Let's confirm all the layers of convolutional base are frozen. 

In [None]:
for layer in base_model.layers:
    print(layer.name, layer.trainable)

Let's print out the model summary and see how many trainable weights. We can see that we only 263,169 trainable weights (parameters), coming from the classification head that put on top of the convolutional base. (For comparison, a VGG16 has total of 14,714,688 weights).

In [None]:
model.summary()

## Creating Datasets

We will setup our training and validation dataset as we did in earlier exercise.

In [None]:
dataset_URL = 'https://nyp-aicourse.s3-ap-southeast-1.amazonaws.com/datasets/cats_and_dogs_subset.tar.gz'
path_to_zip = tf.keras.utils.get_file('cats_and_dogs_subset.tar.gz', origin=dataset_URL, extract=True, cache_dir='.')
dataset_dir = os.path.join(os.path.dirname(path_to_zip), "cats_and_dogs_subset")

In [None]:
batch_size = 32
image_size = (img_height, img_width)

train_ds = tf.keras.preprocessing.image_dataset_from_directory(
    dataset_dir,
    validation_split=0.2,
    subset="training",
    seed=1337,
    image_size=image_size,
    batch_size=batch_size,
    label_mode='binary'
)
val_ds = tf.keras.preprocessing.image_dataset_from_directory(
    dataset_dir,
    validation_split=0.2,
    subset="validation",
    seed=1337,
    image_size=image_size,
    batch_size=batch_size,
    label_mode='binary'
)

## Train the classification head 

We will go ahead and train our classification head.

In [None]:
# create model checkpoint callback to save the best model checkpoint
model_checkpoint_callback = tf.keras.callbacks.ModelCheckpoint(
    filepath="best_checkpoint",
    save_weights_only=True,
    monitor='val_accuracy',
    mode='max',
    save_best_only=True)

model.fit(train_ds, validation_data=val_ds, 
          epochs=30, callbacks=[model_checkpoint_callback])

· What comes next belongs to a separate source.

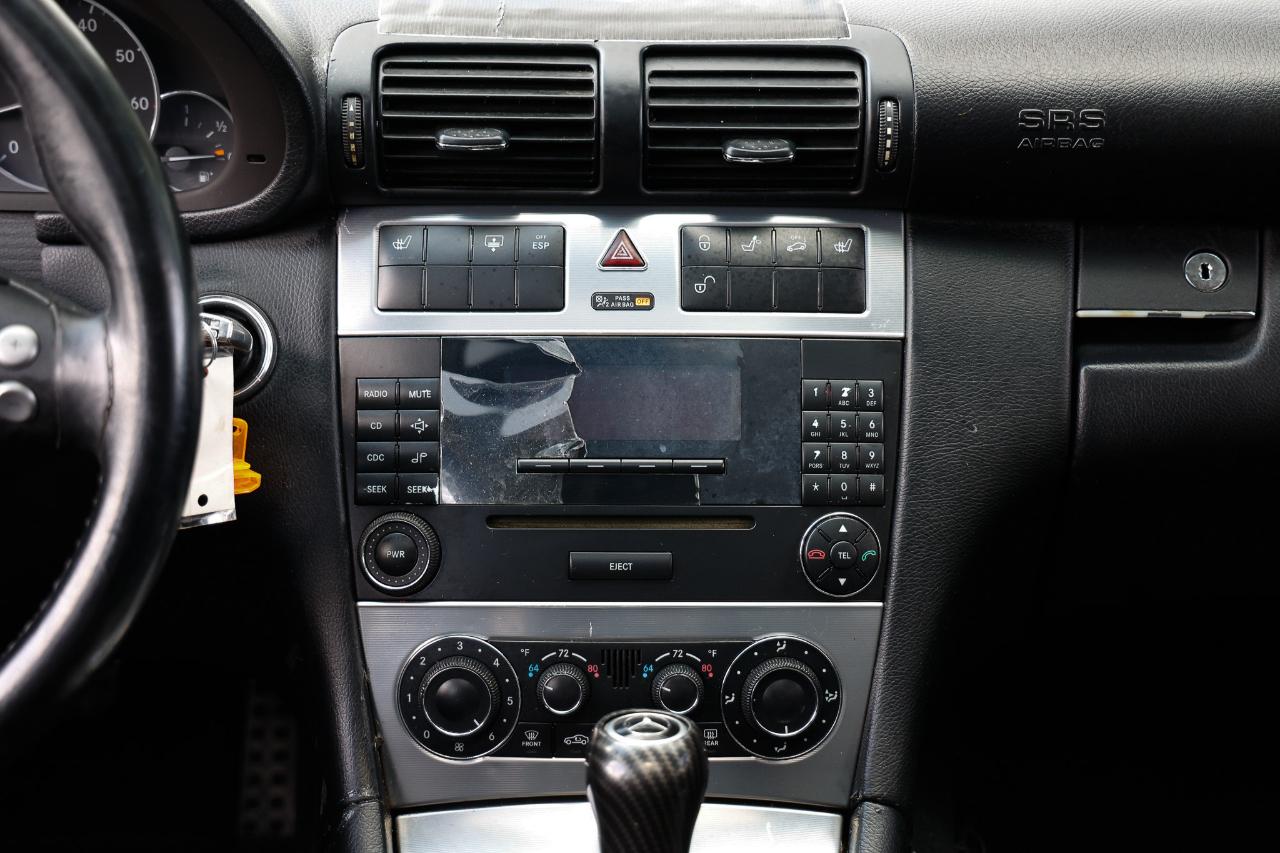 Mercedes-Benz C-Class  2005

Now we have our classification layers trained, let's start to unfreeze some top layers of the convolutional base to fine tune the weights. 
We will fine-tune the last 3 convolutional layers, which means that all layers up until `block4_pool` should be frozen, and the layers 
`block5_conv1`, `block5_conv2` and `block5_conv3` should be trainable.

Why not fine-tune more layers? Why not fine-tune the entire convolutional base? We could. However, we need to consider that:

* Earlier layers in the convolutional base encode more generic, reusable features, while layers higher up encode more specialized features. It is 
more useful to fine-tune the more specialized features, as these are the ones that need to be repurposed on our new problem. There would 
be fast-decreasing returns in fine-tuning lower layers.
* The more parameters we are training, the more we are at risk of overfitting. The convolutional base has 15M parameters, so it would be 
risky to attempt to train it on our small dataset.

Thus, in our situation, it is a good strategy to only fine-tune the top 2 to 3 layers in the convolutional base.

Let's set this up, we will unfreeze our `base_model`, 
and then freeze individual layers inside of it, except the last 3 layers. 

Do a model ``summary()`` and you will see now that the number of trainable weights are now 7,079,424 (around 7 millions), much less than previously, because all the layers are frozen except the last 3 layers.

In [None]:
base_model.trainable = True
for layer in base_model.layers[:-4]:
    layer.trainable = False

Let us examine model summary again. We can see now that we have more trainable weights 7,342,593 compared to previously 263,169.

In [None]:
model.summary()

As you are training a much larger model and want to readapt the pretrained weights, it is important to use a lower learning rate at this stage as we do not want to make too drastic changes to the weights in the convolutional layers under fine-tuning.

In [None]:
finetune_learning_rate = base_learning_rate / 10.

model.compile(loss="binary_crossentropy",
              optimizer=keras.optimizers.Adam(learning_rate=finetune_learning_rate),
              metrics=["accuracy"])

model.fit(
    train_ds,
    epochs=15,
    validation_data=val_ds,
    callbacks=[model_checkpoint_callback])

In [None]:
model.load_weights('best_checkpoint')
model.evaluate(val_ds)

**Exercise:**

1. Is our fine-tuned model performing better or worse? 
2. Try to unfreeze less/more layers and see if the model performance improves.